On BIG-IP I see these log-entries matching time-stamps of CIS-log entries: /var/log/ltm

err mcpd[6071]: 01020066:3: The requested value list (/Common/appsvcs/____appsvcs_lock) already exists in partition Common.
err mcpd[6071]: 01020066:3: The requested value list (/Common/appsvcs/____appsvcs_lock) already exists in partition Common.
[...]
err mcpd[6071]: 01020066:3: The requested value list (/Common/appsvcs/____appsvcs_lock) already exists in partition Common.

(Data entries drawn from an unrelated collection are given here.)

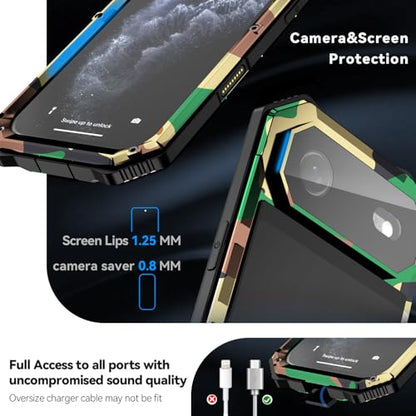 Lunivop Compatibility with iPhone Air Case 6.5'' 2025 Heavy Duty with Built in Screen Protector Lens Protection Rugged Stand 360 Full Body Military Grade Metal Bumper Phone Cases Men 17 Air Camouflage - color: Camouflage, size: iPhone 17 Air 6.5 2025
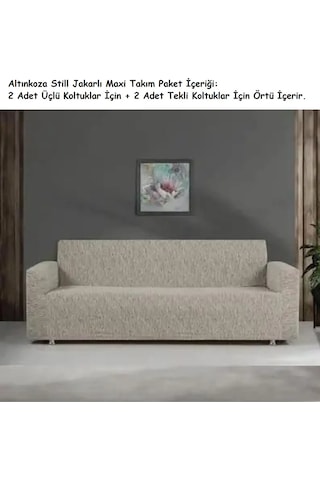 Altınkoza Still Jakarlı Streç Maxi Takım Koltuk Örtüsü 3+3+1+1 -krem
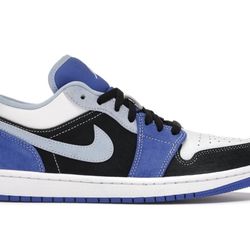 Jordan 1 low black blue white sz 7.5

/var/log/restjavad-audit.0.log

[I][1200][23 Jul 2024 12:19:48 UTC][ForwarderPassThroughWorker] {"user":"local/tc01-cis","method":"POST","uri":"http://localhost:8100/mgmt/shared/appsvcs/declare/","status":503,"from":"10.91.228.217"}
[I][1201][23 Jul 2024 12:19:48 UTC][ForwarderPassThroughWorker] {"user":"local/admin","method":"PATCH","uri":"http://localhost:8100/mgmt/tm/ltm/data-group/internal/~Common~appsvcs~dataStore","status":200,"from":"Unknown"}
[I][1202][23 Jul 2024 12:19:53 UTC][ForwarderPassThroughWorker] {"user":"local/admin","method":"PATCH","uri":"http://localhost:8100/mgmt/tm/ltm/data-group/internal/~Common~appsvcs~dataStore","status":200,"from":"Unknown"}
[I][1203][23 Jul 2024 12:19:53 UTC][ForwarderPassThroughWorker] {"user":"local/admin","method":"PATCH","uri":"http://localhost:8100/mgmt/tm/ltm/data-group/internal/~Common~appsvcs~dataStore","status":200,"from":"Unknown"}
[I][1204][23 Jul 2024 12:19:53 UTC][ForwarderPassThroughWorker] {"user":"local/tc01-cis","method":"POST","uri":"http://localhost:8100/mgmt/tm/ltm/data-group/internal","status":409,"from":"Unknown"}
[I][1205][23 Jul 2024 12:19:53 UTC][ForwarderPassThroughWorker] {"user":"local/tc01-cis","method":"POST","uri":"http://localhost:8100/mgmt/shared/appsvcs/declare/","status":503,"from":"10.91.228.217"}
[I][1206][23 Jul 2024 12:19:54 UTC][ForwarderPassThroughWorker] {"user":"local/admin","method":"PATCH","uri":"http://localhost:8100/mgmt/tm/ltm/data-group/internal/~Common~appsvcs~dataStore","status":200,"from":"Unknown"}
[I][1207][23 Jul 2024 12:20:00 UTC][ForwarderPassThroughWorker] {"user":"local/admin","method":"PATCH","uri":"http://localhost:8100/mgmt/tm/ltm/data-group/internal/~Common~appsvcs~dataStore","status":200,"from":"Unknown"}
[I][1208][23 Jul 2024 12:20:00 UTC][ForwarderPassThroughWorker] {"user":"local/admin","method":"PATCH","uri":"http://localhost:8100/mgmt/tm/ltm/data-group/internal/~Common~appsvcs~dataStore","status":200,"from":"Unknown"}
[I][1209][23 Jul 2024 12:20:03 UTC][ForwarderPassThroughWorker] {"user":"local/tc01-cis","method":"POST","uri":"http://localhost:8100/mgmt/tm/ltm/data-group/internal","status":409,"from":"Unknown"}
[I][1210][23 Jul 2024 12:20:03 UTC][ForwarderPassThroughWorker] {"user":"local/tc01-cis","method":"PATCH","uri":"http://localhost:8100/mgmt/tm/ltm/data-group/internal/~Common~appsvcs~____appsvcs_lock","status":200,"from":"Unknown"}
[I][1211][23 Jul 2024 12:20:03 UTC][ForwarderPassThroughWorker] {"user":"local/tc01-cis","method":"POST","uri":"http://localhost:8100/mgmt/shared/appsvcs/declare/","status":503,"from":"10.91.228.217"}
[I][1212][23 Jul 2024 12:20:03 UTC][ForwarderPassThroughWorker] {"user":"local/admin","method":"PATCH","uri":"http://localhost:8100/mgmt/tm/ltm/data-group/internal/~Common~appsvcs~dataStore","status":200,"from":"Unknown"}
trinaths commented 3 months ago

@joebride From the ltm logs, it looks like AS3 issue.

Configure CIS log level to AS3DEBUG and share CIS logs to investigate any issues with CIS.

mdditt2000 commented 2 months ago

@joebride please let me know if you need some assistance. Could we setup sometime to chat. BTW nice issue number 3500!!

joebride commented 2 months ago

@mdditt2000 : yes, assistance is needed. I will contact you directly...

walkingtub commented 1 week ago

Any update on this? We face this issue frequently and only fix we know of is to scale CIS controller down and back up.

trinaths commented 1 week ago

@walkingtub recommend try CIS 2.18.1 and share your findings. IMO this issue might be from BIG-IP/AS3.